Read carefully the instructions on the answer book provided and make sure that the particulars required are entered on each answer book. If you answer more questions than are required and do not indicate which answers should be ignored, we will mark the requisite number of answers in the order in which they appear in the answer book(s): answers beyond that number will not be considered.
Section A: Answer FOUR questions
1. This question considers the various Model Selection approaches that you have learnt.
(a) Describe the Selection Approach. (5 marks) Solution:
i Let M0 denote the null model containing no predictors except for a constant (i.e. predicting the mean).
ii For k = 1, …, p 􏰇p􏰈
a) Fit all k models that contain k predictors.
b) Pick the best among these k dimensional models, calling it Mk. The best
model is the one that has smallest RSS or largest R2.
iii Select the single best model from the set M0, …, Mp. Here best is determined using best performance in terms of MSE on a training set, or some measure of goodness of fit that adjusts for the fact that R2 monotonically decreases as k gets larger.
(Continued overleaf)

(b) Suppose you perform best subset selection with six covariates X1, …, X6. Best subset selection identified the following sequence of best models Mk (see overleaf). After performing cross validation, you choose M3, since its the model with lowest cross validated test MSE. Given the sequence Mk identified by best subset selection, would forward stepwise selection yield the same result, i.e. pick M∗3 as best model? What about backward stepwise selection? Please explain. (5 marks)
M∗3 = M4 = M5 = M6 =
{X1, X2, X3}
{X1, X2, X3, X5}
{X2, X3, X4, X5, X6} {X1, X2, X3, X4, X5, X6}
Solution: The fact that M∗3 is the best model as determined following best subset selection means its is truely the best model and is to be prefered over the other models. Forward stepwise selection will yield the same results since the models
M1 ⊂ M2 ⊂ M3, so it lies on the search path for forward stepwise selection. However, backward stepwise selection is guaranteed to yield a different “best” model. Both best subset selection and backward stepwise would choose M5 ⊂ M6, throwing out X1 as regressor. However, the best subset selected model M3 contains X1 again, so this does not lie on the search path of backward stepwise selection anymore, since it will have thrown out X1 already and M3 includes it again.
2. Classification
(a) What decision rule is the MAP decision rule? What does this rule maximize? (5
Solution: MAP decision rule assigns the label whichever has highest posterior
probability, i.e.
Yˆ = argmaxy∈CPˆ(Y = y|X)
This is optimal, because it minizes the overall error rate – to see why consider the case of a binary prediction setting.
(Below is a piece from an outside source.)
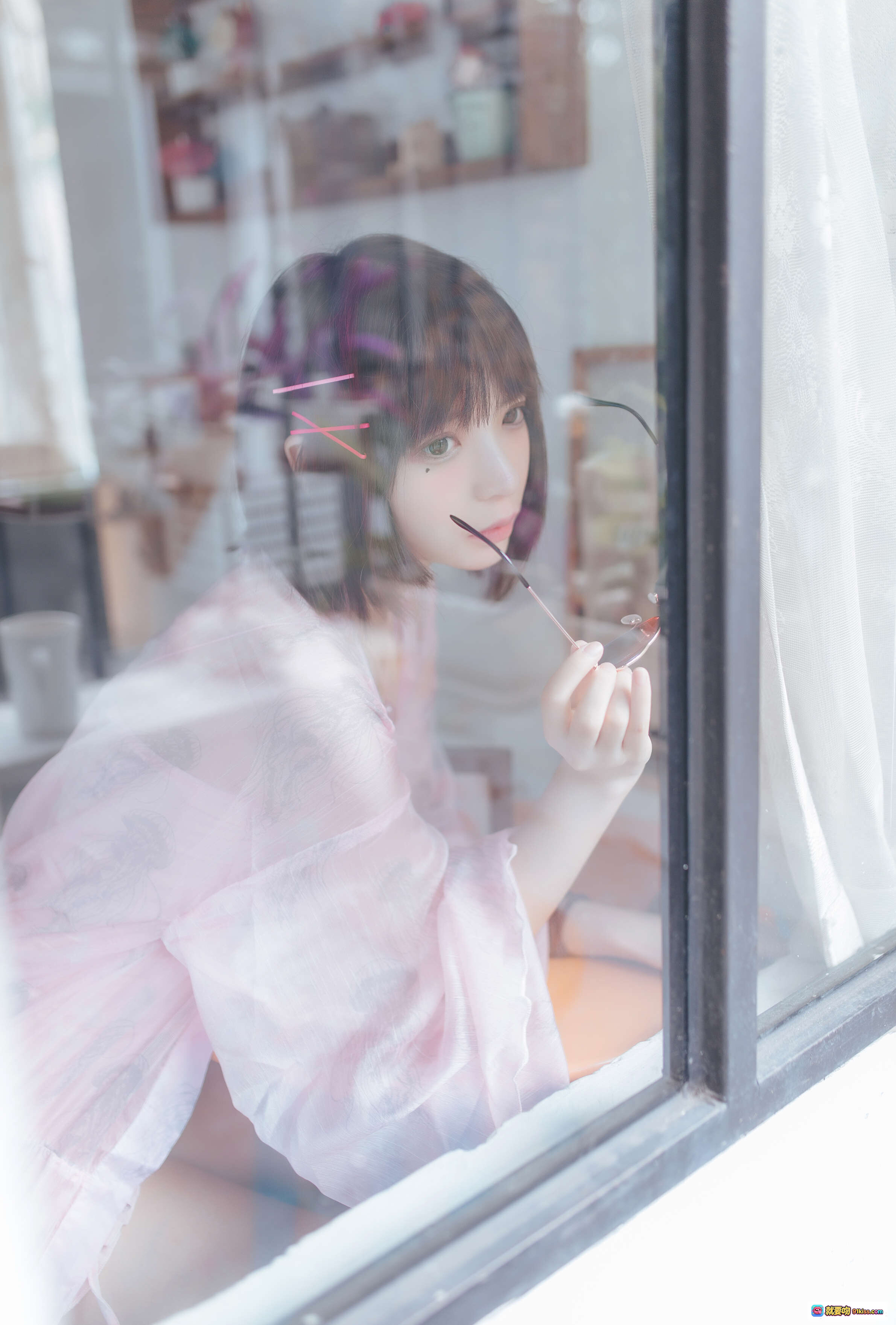 图片[6] - 疯猫ss NO.005 粉红日常写真 甜美少女 白丝美腿 窗边座椅 温馨咖啡馆 高清19P 184MB - 就要吻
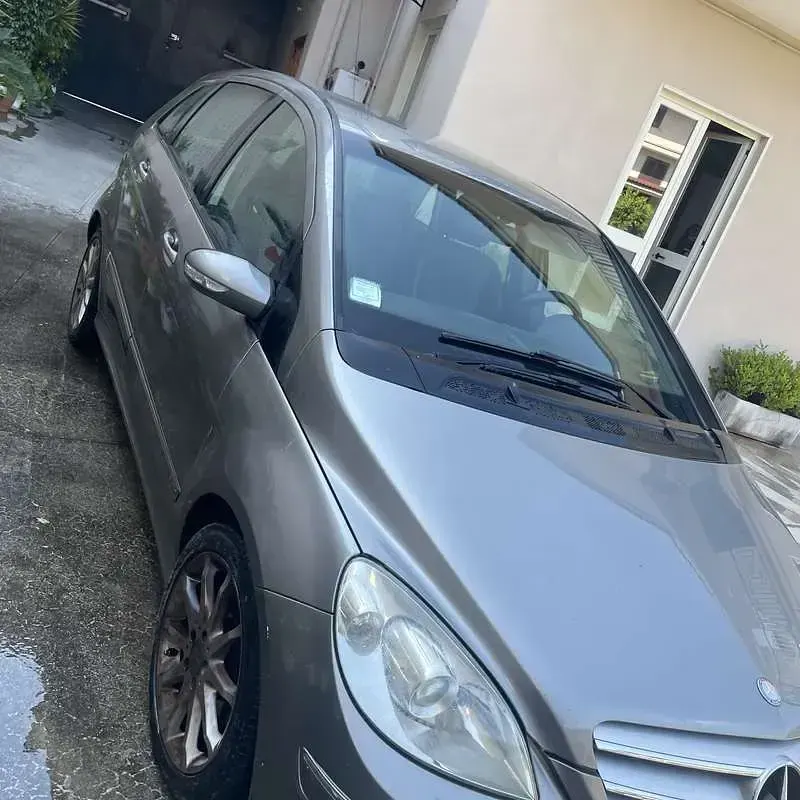 Usata Mercedes B200 140 CV (102 kW) 2007 Monovolume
If we absorb information X and assign the error based on whichever label is more likely, our error rate is
P (error|x) = min{P (+|x), P (−|x)}
(Continued overleaf)

This is the rule that minimizes error for all x joint
P (error) = p(error, x) dx = P (error|x)p(x)dx
since by choosing P (error|x) = min{P (+|x), P (−|x)} we chose the minimal level
feasible to integrate over.
(b) Using the output provided below that is obtained from estimating the following logistic regression
g(p(x)) = logit p(x) = ln 1 − p(x) = β0 + β1×21 + β2x1x2 + β3×2,
Can you write down the equation for the best decision boundary that minimizes the overall prediction error? What shape is the decision boundary? [note that the estimated coefficients have been rounded to the nearest integer] (5 marks)
Solution: MAP decision boundary for logistic regression is such that the decision boundary is exactly equal to zero. The boundary appears non-linear, but is actually not given that
−4+x21 −4x1x2 +4×2 =0 This can be solved for x2(x1) as we can factorize
−4 + (x1 − 2×2)2 = 0
And hence x2 < 12 x1 − 1 or x2 > 1 + 12 x1. This is obviously an artefact of the coefficients being precise zero, which is something that students should notice. The decision boundary is two parallel lines.
(Continued overleaf)

3. (a) Describe the binary recursive splitting algorithm used to build regression trees. (4 marks)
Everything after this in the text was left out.